2012 30
Man in Romney’s Anti-Government Spending Ad Received $1,000,000 in Government Loans
According to an article in the New Hampshire Union-Leader, Jack Gilchrist, the star of the Mitt Romney ad (below) demonizing President Obama for his “you didn’t build this company” blunder, received $1 million in government loans that positively affected his business. The fact that Gilchrist’s company was helped by government loans clearly undermines this low-blow on Obama.
After the NHUL story broke the New York Times called Gilchrist “one of those Ayn Rand-styled individualists who don’t actually need all of the things that many others rely on government for. Except that it turns out he’s not.”
On Monday, The New Hampshire Union-Leader reported that Mr. Gilchrist had received a lot of government help over the years: $800,000 in tax-exempt bonds from the state of New Hampshire, a nearly $500,000 loan guaranteed by the Small Business Administration, federally financed trade adjustment assistance and even nearly $90,000 in military contracts since 2008.
The federally financed tax-exempt bonds most likely provided Mr. Gilchrist’s company with a lower interest rate than a loan, and the S.B.A., as Agenda readers know, guarantees loans that banks wouldn’t otherwise make.
Mr. Gilchrist told a Union-Leader reporter, John DiStaso, that he didn’t believe he’d “compromised anything or misled anybody,” adding:
“I’m not going to turn a blind eye because the money came from the government. As far as I’m concerned, I’m getting some of my tax money back.
“I’m not stupid, I’m not going to say ‘no.’ Shame on me if I didn’t use what’s available. As a matter of fact, right now, I’m driving on a road.”
The Obama not-so-gaffe is clearly taken out of context. It also apparently mirrors a speech given by Massachusetts Senate candidate Elizabeth Warren in which she explains the debt crisis that drove her to the national progressive forefront. In the speech, Warren claims that nobody got rich on their own and that it took public services paid for by taxpayers to allow the business to grow. Obama seemed to be making the same point, although he worded it in a way that, taken out of context, doesn’t portray the same message. The full message of the President’s Speech, which can be viewed here, goes as follows:
If you’ve been successful, you didn’t get there on your own. I’m always struck by people who think, ‘Wow, it must be because I was just so smart.’ There are a lot of smart people out there. ‘It must be because I worked harder than everybody else.’ Lemme tell you something: there are a lot of hard working people out there.”

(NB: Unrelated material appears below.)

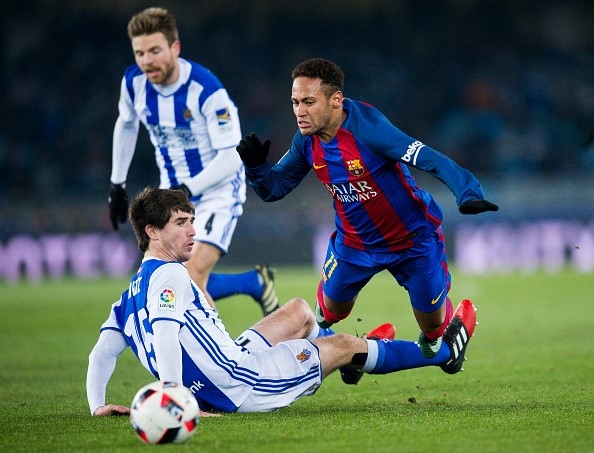 Barca pha dop tren tu dia Anoeta cua Sociedad hinh anh 4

“If you are successful, somebody along the line gave you some help. There was a great teacher somewhere in your life. Somebody helped to create this unbelievable American system that we have that’s allowed you to thrive. Somebody invested in roads and bridges. If you’ve got a business, you didn’t build that: somebody else made that happen. The Internet did not get invented on its own.”
Yet Romney didn’t see the subtle difference and turned the sentence “If you’ve got a business, you didn’t build that” into the Barack attack du July. But the man Romney chose to deliver that message isn’t a true believer in the cold, hard, conservative line, as it turns out.

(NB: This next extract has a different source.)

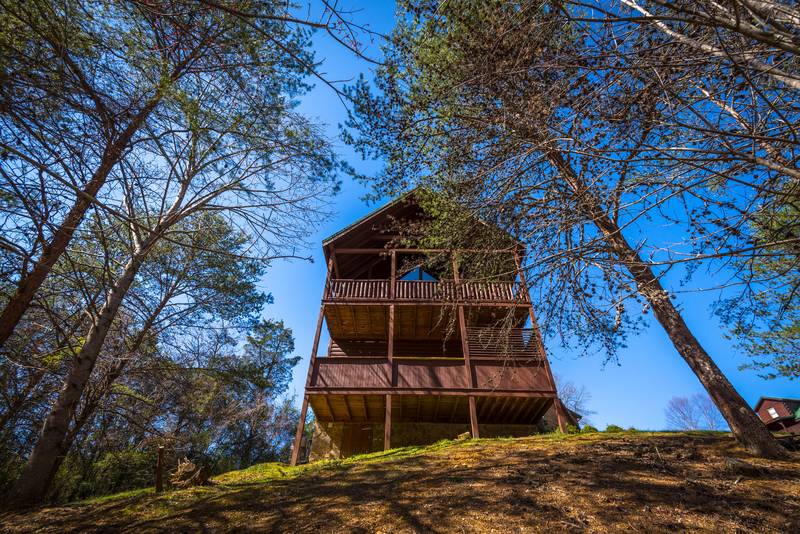 A Touch Above5 Bedroom Log Cabin Rental Swimming Pool Access Hot Tub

According to The Plum Line‘s Greg Sargent — who interviewed Gilchrist — the on-camera anti-government actor does believe in some form of government stimulus spending in the real world:
I asked Gilchrist himself — a personable guy who seemed to enjoy bantering with someone he disagreed with — whether he thinks federal spending is good for the economy. He allowed that spending on roads and bridges does, in fact, create jobs, and said he supports federal spending on at least maintaining them.
“If we’re going to spend money on roads and bridges, certainly keeping them in good condition is prudent, and it’s certainly putting people to work,” Gilchrist said. “Obviously if people are fixing things, then they’re working.”
And obviously if your business is growing because of government loans you aren’t building it entirely by yourself. Nor should you.